:: SOURCE INFORMATION ::
---
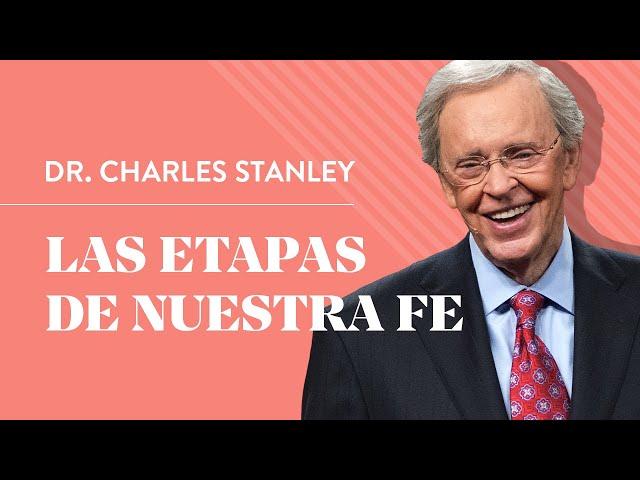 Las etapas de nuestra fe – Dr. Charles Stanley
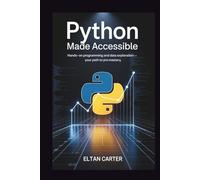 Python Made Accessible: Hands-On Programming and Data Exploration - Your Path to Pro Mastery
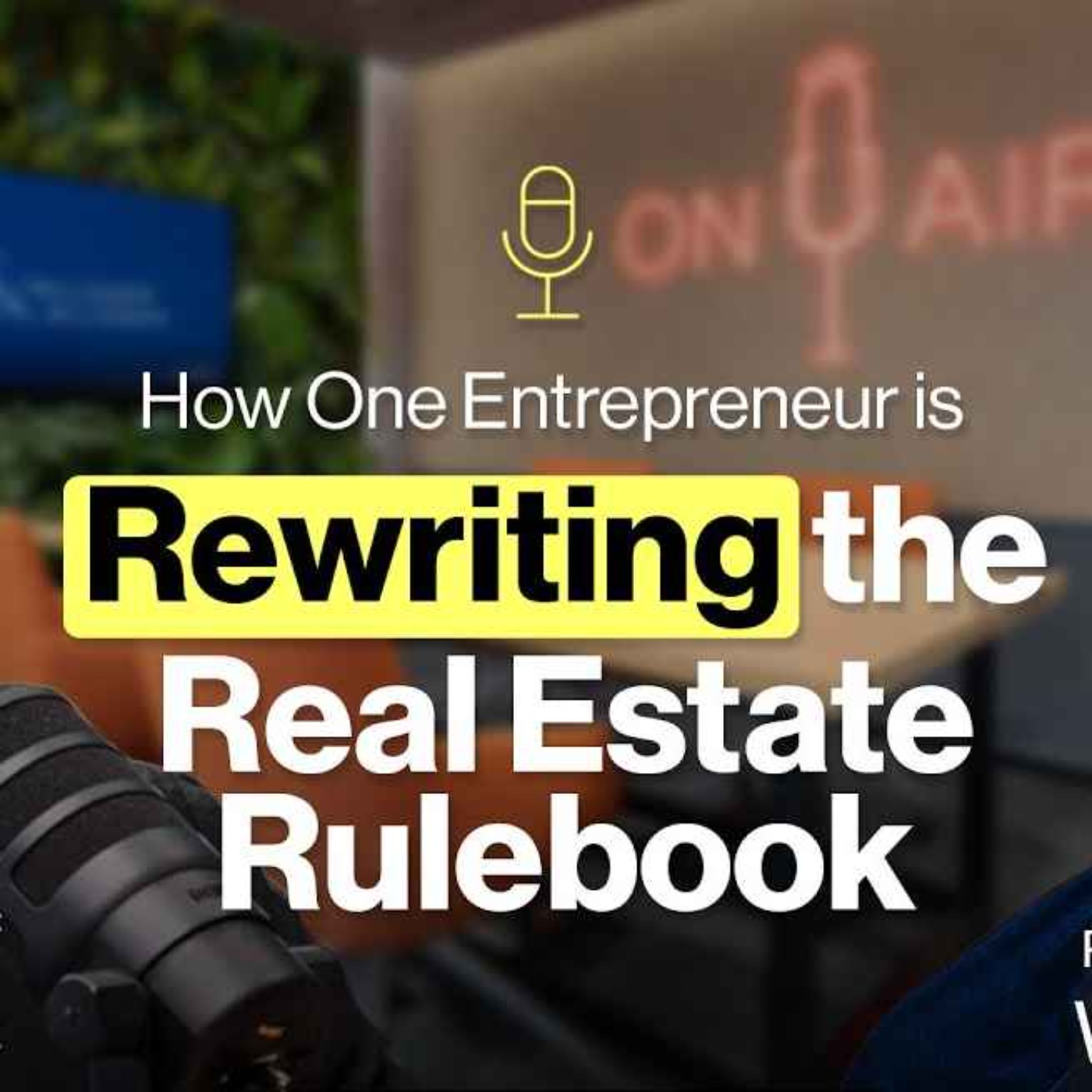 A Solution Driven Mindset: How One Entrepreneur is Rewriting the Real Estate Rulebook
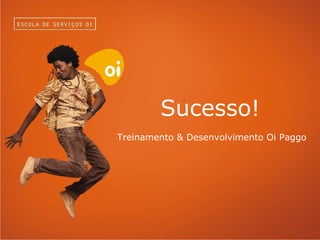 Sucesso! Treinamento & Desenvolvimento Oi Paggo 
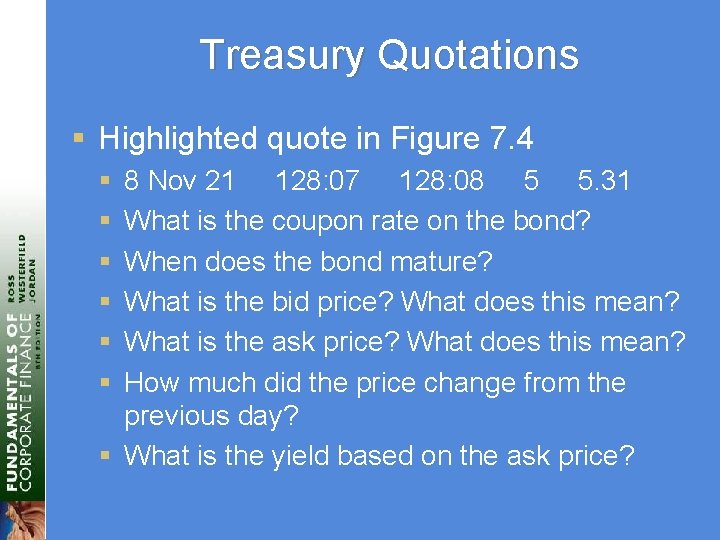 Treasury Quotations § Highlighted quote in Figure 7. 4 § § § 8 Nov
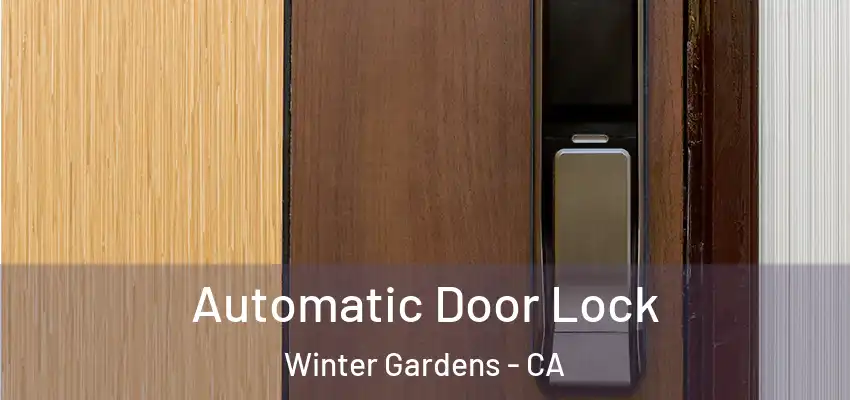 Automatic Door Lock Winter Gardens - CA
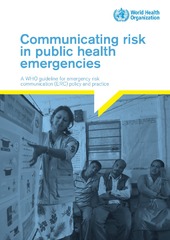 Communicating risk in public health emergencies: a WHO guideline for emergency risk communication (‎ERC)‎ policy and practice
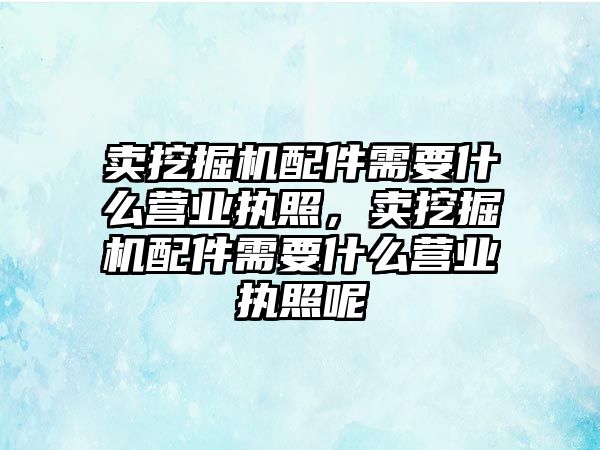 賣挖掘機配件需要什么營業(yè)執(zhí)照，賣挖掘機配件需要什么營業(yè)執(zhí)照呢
---
:: WHAT IS EXPECTED ::
All that is needed is the lines from the line holding "A Solution Driven" to the final line of the listing above, repeated exactly, pictures excluded.

:: TASK OUTPUT ::
 A Solution Driven Mindset: How One Entrepreneur is Rewriting the Real Estate Rulebook
 Sucesso! Treinamento & Desenvolvimento Oi Paggo 
 Treasury Quotations § Highlighted quote in Figure 7. 4 § § § 8 Nov
 Automatic Door Lock Winter Gardens - CA
 Communicating risk in public health emergencies: a WHO guideline for emergency risk communication (‎ERC)‎ policy and practice
 賣挖掘機配件需要什么營業(yè)執(zhí)照，賣挖掘機配件需要什么營業(yè)執(zhí)照呢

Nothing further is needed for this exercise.